WORK ITEM
Range to reproduce from the entries below: the line with "05 58060041 BUCHA", the line with "Escalators underwater in", and every line in between. Give them exactly and give nothing else.

── PROVIDED INFORMATION ──

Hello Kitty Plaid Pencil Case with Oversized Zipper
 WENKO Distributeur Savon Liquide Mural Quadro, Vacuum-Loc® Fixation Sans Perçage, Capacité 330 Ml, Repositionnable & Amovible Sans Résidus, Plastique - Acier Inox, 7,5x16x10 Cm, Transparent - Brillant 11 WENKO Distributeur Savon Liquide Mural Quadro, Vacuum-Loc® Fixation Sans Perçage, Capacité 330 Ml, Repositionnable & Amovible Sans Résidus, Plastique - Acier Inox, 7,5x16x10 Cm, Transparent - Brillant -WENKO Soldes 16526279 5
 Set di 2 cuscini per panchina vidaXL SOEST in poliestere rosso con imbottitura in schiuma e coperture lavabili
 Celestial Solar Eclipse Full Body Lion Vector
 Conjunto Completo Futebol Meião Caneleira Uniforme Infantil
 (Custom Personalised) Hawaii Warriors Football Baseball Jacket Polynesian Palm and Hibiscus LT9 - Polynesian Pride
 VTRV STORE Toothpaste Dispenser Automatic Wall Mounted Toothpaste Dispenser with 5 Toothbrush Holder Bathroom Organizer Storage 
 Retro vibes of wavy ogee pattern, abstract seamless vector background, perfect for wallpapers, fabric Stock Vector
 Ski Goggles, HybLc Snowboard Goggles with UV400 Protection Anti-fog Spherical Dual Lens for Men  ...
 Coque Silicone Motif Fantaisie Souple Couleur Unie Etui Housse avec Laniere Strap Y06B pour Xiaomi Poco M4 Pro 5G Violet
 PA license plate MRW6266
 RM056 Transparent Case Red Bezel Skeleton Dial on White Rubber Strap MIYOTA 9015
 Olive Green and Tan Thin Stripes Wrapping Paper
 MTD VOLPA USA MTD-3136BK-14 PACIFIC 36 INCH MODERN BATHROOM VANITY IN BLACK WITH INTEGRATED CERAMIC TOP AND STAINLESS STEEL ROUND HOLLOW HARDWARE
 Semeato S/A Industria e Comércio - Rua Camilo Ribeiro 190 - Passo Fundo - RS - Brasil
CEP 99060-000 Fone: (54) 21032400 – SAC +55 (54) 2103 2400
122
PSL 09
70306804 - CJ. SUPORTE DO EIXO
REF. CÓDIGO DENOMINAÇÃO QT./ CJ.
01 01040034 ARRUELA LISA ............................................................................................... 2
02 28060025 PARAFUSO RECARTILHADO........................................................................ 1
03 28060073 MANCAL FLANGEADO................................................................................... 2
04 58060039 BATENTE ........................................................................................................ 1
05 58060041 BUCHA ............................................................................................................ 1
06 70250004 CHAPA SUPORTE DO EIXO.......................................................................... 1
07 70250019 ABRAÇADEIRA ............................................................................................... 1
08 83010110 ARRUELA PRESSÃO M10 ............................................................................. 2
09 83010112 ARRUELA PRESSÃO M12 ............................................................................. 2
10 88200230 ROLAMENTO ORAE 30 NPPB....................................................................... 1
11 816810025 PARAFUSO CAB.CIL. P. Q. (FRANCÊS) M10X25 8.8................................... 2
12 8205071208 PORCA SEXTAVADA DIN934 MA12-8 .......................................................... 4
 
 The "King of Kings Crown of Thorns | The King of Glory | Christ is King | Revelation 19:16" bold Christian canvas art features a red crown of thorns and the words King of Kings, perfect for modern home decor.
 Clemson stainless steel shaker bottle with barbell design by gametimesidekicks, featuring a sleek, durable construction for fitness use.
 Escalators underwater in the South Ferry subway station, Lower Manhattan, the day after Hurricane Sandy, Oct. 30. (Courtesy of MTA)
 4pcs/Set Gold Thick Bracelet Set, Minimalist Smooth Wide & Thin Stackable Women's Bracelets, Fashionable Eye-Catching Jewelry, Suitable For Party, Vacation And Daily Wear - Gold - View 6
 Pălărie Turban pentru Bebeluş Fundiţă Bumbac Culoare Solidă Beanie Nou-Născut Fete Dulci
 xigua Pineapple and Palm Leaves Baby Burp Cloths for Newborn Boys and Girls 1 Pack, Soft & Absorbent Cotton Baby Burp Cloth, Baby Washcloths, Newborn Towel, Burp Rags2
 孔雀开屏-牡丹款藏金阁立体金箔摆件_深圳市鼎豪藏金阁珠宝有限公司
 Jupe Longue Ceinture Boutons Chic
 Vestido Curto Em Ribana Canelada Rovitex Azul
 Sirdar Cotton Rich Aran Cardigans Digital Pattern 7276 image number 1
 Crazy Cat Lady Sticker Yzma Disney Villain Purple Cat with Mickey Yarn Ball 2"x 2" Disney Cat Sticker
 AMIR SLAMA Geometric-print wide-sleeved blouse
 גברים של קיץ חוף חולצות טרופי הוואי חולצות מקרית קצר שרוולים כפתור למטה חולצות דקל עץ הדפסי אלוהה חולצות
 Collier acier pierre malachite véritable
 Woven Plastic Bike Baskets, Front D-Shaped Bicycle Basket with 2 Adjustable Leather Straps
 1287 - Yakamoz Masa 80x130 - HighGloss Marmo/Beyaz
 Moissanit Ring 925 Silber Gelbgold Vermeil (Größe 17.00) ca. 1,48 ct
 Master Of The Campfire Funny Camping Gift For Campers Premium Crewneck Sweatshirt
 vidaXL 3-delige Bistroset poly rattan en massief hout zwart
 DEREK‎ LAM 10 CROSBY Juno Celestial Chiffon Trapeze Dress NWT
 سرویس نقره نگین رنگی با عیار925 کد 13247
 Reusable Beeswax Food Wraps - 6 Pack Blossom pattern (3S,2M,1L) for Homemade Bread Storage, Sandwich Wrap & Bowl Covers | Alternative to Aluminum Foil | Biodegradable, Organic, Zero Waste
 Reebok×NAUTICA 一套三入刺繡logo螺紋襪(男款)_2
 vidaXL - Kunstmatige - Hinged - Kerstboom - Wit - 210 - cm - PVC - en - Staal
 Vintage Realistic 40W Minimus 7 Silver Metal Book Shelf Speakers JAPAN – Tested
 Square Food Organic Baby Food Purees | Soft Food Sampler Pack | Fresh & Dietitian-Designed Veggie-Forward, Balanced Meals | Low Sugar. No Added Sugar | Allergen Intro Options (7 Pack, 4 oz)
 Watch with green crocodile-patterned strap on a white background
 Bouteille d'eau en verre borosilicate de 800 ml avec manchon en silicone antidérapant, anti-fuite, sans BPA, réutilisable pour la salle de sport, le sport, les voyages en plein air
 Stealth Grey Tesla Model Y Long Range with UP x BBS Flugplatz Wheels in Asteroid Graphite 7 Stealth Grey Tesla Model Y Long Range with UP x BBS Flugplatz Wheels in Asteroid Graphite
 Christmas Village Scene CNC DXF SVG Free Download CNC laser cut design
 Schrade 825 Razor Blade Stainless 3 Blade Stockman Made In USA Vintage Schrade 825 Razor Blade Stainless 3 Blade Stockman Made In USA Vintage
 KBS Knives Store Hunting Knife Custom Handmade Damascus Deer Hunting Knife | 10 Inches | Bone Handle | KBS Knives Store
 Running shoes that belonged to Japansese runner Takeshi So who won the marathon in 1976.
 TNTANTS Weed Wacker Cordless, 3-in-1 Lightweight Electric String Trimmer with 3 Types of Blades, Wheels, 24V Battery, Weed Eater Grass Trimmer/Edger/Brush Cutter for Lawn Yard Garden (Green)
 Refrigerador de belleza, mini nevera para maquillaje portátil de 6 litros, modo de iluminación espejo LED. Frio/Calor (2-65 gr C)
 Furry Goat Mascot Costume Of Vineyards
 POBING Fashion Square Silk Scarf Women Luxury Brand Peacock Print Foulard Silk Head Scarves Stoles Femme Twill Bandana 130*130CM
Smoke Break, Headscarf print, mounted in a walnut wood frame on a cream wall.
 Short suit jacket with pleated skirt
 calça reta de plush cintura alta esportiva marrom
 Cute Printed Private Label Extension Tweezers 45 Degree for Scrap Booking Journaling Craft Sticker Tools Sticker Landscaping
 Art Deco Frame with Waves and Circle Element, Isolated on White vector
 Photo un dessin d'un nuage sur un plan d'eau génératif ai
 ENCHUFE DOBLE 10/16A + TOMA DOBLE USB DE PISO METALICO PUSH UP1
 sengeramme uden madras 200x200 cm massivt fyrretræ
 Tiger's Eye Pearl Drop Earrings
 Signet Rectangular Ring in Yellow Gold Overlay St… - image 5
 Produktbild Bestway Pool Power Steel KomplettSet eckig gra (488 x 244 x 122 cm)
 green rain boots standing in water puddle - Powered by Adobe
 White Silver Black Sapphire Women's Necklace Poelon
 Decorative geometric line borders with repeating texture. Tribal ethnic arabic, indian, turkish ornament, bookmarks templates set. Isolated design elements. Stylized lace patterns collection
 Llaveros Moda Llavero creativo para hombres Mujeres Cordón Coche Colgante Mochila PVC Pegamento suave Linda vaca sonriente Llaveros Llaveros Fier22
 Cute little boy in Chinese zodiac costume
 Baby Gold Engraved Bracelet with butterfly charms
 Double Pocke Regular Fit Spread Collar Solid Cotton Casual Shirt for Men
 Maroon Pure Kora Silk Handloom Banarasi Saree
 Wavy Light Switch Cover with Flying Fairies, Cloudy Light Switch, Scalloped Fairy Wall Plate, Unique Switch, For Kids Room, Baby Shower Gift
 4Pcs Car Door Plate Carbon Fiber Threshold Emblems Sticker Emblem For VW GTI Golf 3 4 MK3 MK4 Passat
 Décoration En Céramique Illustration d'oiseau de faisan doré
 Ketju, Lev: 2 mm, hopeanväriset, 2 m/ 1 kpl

───

RESPONSE AREA
05 58060041 BUCHA ............................................................................................................ 1
06 70250004 CHAPA SUPORTE DO EIXO.......................................................................... 1
07 70250019 ABRAÇADEIRA ............................................................................................... 1
08 83010110 ARRUELA PRESSÃO M10 ............................................................................. 2
09 83010112 ARRUELA PRESSÃO M12 ............................................................................. 2
10 88200230 ROLAMENTO ORAE 30 NPPB....................................................................... 1
11 816810025 PARAFUSO CAB.CIL. P. Q. (FRANCÊS) M10X25 8.8................................... 2
12 8205071208 PORCA SEXTAVADA DIN934 MA12-8 .......................................................... 4
 
 The "King of Kings Crown of Thorns | The King of Glory | Christ is King | Revelation 19:16" bold Christian canvas art features a red crown of thorns and the words King of Kings, perfect for modern home decor.
 Clemson stainless steel shaker bottle with barbell design by gametimesidekicks, featuring a sleek, durable construction for fitness use.
 Escalators underwater in the South Ferry subway station, Lower Manhattan, the day after Hurricane Sandy, Oct. 30. (Courtesy of MTA)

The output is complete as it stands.